The Abramson case should draw our attention to the social context of women’s inequality. For example, the explanation of Abramson’s failure as a leader falls back on the vocabulary most often wielded against women in positions of power: Her style has been critiqued as “pushy,” “brusque,” and “overly aggressive.” These terms are rarely, if ever, used as negative descriptors of male leaders. Their misogyny is also overlaid with a patina of anti-Semitism, since these terms are most closely associated with the stereotype of the Jewish woman.
This critique of Abramson’s leadership illustrates how women are judged by an impossible double standard: In order to ascend to the highest echelons of power, they must adhere to male definitions of ambition and success -- leaning in, working long hours, even assuming physical postures that mimic male stances. But when they exhibit characteristics traditionally associated with men and aligned with leadership success (e.g. demanding high standards) and forgo more “feminine” traits of maternal gentleness and compassion, they are reviled as pushy and aggressive. God forbid a woman leader should show vulnerability by crying in public, but woe also to she who displays her strength by speaking sharply!
Such contradictory expectations are also apparent in the issue of pay equity, which may have played a role in Abramson’s dismissal. Recent articles have argued that the persistent gender wage gap results from women’s reticence to negotiate higher salaries or to ask for raises (thus conveniently placing the blame on women’s behavior). But research also indicates that women who advocate for themselves when it comes to salary are not viewed favorably. The limited evidence available thus far in the Abramson case – that she discovered inequity in her compensation compared to that of her predecessor and that she approached the powers-that-be about this gap not long before she was fired – seems to bear out this unfortunate reality.

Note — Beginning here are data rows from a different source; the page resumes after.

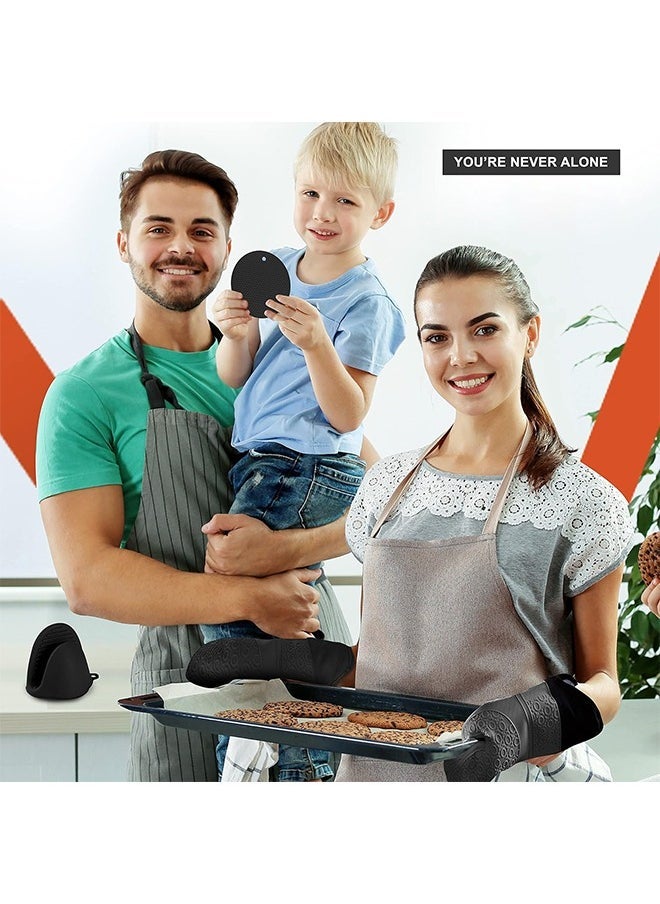 Arabest 6PCS Oven Mitts and Pot Holders Sets, Silicone Baking Gloves Heat Resistant Inner Soft Liner, Mini Oven Mittens and Hot Pads, Oven Gloves for Cooking, Grill and Bbq (Black)  - Image 5
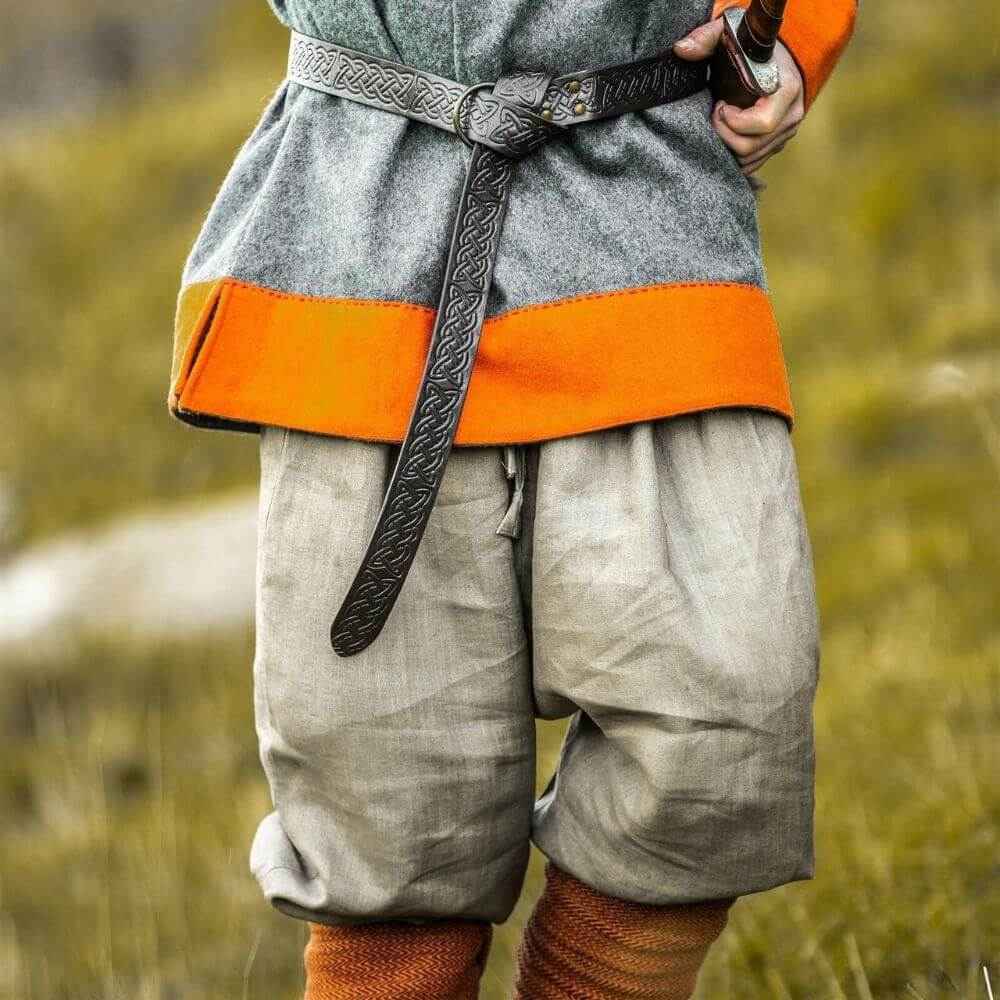 Stone Grey Linen Renaissance Pants with drawstring waist and tapered legs.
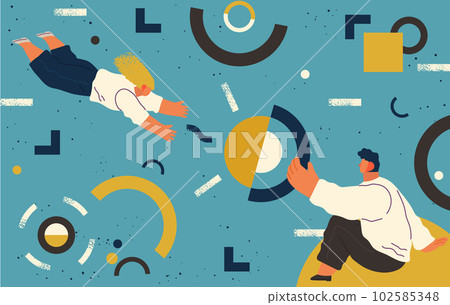 People flying in abstract imaginary space organizing different geometric shapes. Teamwork concept 102585348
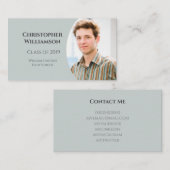 Abschluss-Studenten-Schulvernetzungs-modernes Foto Visitenkarte (Vorne/Hinten)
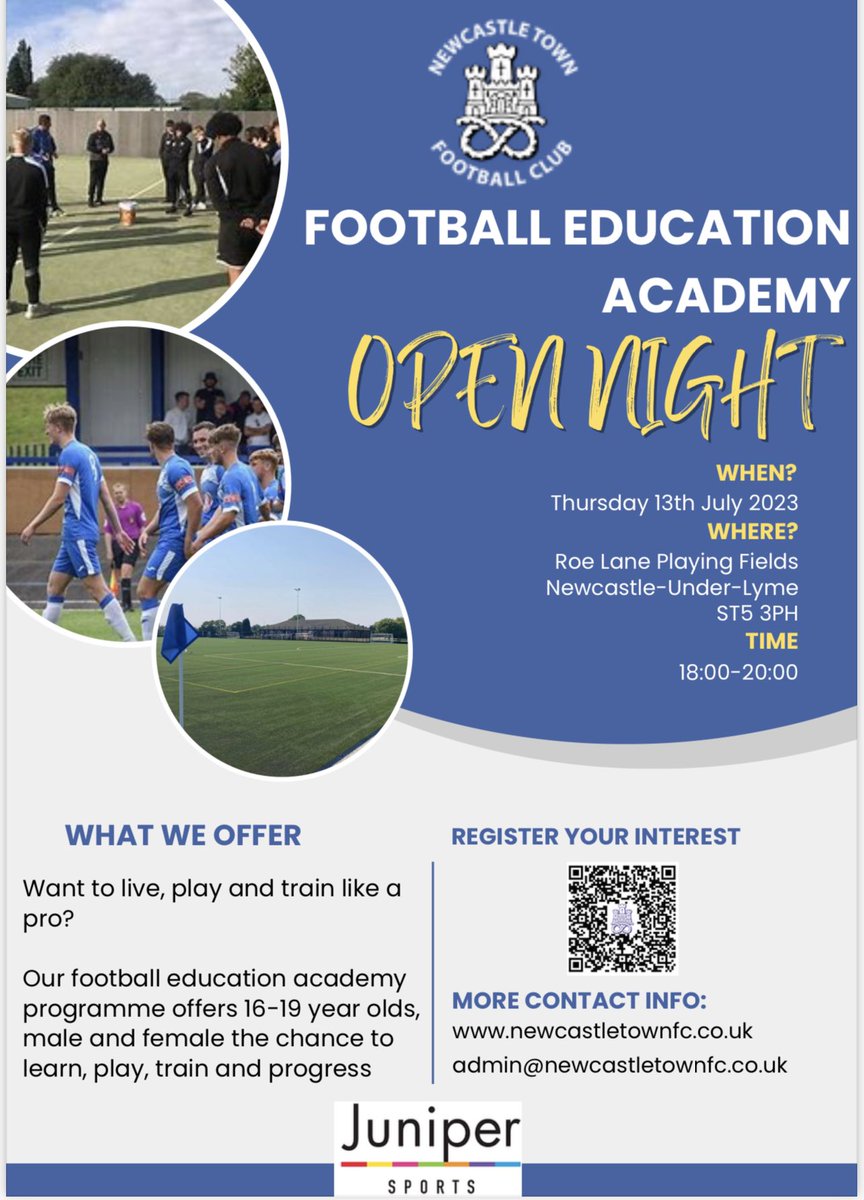 🔵⚪️ | Newcastle Town FC Football and Education Academy are delighted to announce the following open evening for boys and girls currently in year 11 or 12 who are interested in joining the programme for the 2023/24 season.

As a feminist, I hope that women’s entrance into positions of power will ultimately help to expand and redefine the ideal workplace and society as a whole. At the same time, I don't count on it, because neither biological nor social experiences of femaleness necessarily determine one’s behavior. In other words, women are not essentially better than men, and expecting them to be so is unfair and unrealistic. Thus, while we should not excuse the leadership failings of women, neither should we judge them by a different standard than we do male leaders.
When women leaders do introduce new models, however, we should make sure to notice and honor them for their innovation. This strikes me as yet another way in which the evaluation of Jill Abramson’s leadership style seems flawed. New York Times publisher Arthur Sulzberger has referenced Abramson’s failures as a manager to defend his decision to fire her. But her female colleagues have spoken up about her strength as a mentor to younger women at the Times -- a managerial strength that Sulzberger was either unaware of or considered unimportant.
The firing of Abramson should matter to the Jewish community not because she's a Jewish woman but because the troubling challenges and double standards suggested by this case exist in our communal organizations, too. A leadership survey conducted by the Jewish Daily Forward in 2013 found that women still comprise only 13.5 percent of executive leaders in Jewish communal organizations; only five women appear in the top 50 earners of Jewish communal executives. Moreover, if we expect our institutions to uphold and promote Jewish values, we must pay attention to the dignity of employees (even those in the upper rungs). One of the most striking aspects of Abramson’s dismissal is the abrupt way in which it was carried out. In the removal of Abramson’s predecessor Howell Raines (due to a scandal much more definite than the vague charges against Abramson), he was given a warm send off. In sharp contrast, Abramson was dismissed without an opportunity to address her colleagues or any recognition of the successes – and there were many – of her tenure.
Finally, if we intend to do more than pay lip service to creating communities that cultivate all potential leaders irrespective of gender, we must continually ask ourselves: Do our institutions value and support women in ways that allow them to lead? Do we hold realistic expectations and evaluate all managers based on performance and results, not only a “likeability index?” Are we developing a pipeline of diverse leadership, or merely selecting token leaders and waiting for them to fail? Though the Abramson case offers few answers at this point, it may help us articulate more clearly the essential questions.
Judith Rosenbaum, PhD, is the incoming Executive Director of the Jewish Women’s Archive. She also serves on the faculty of the Bronfman Youth Fellowships.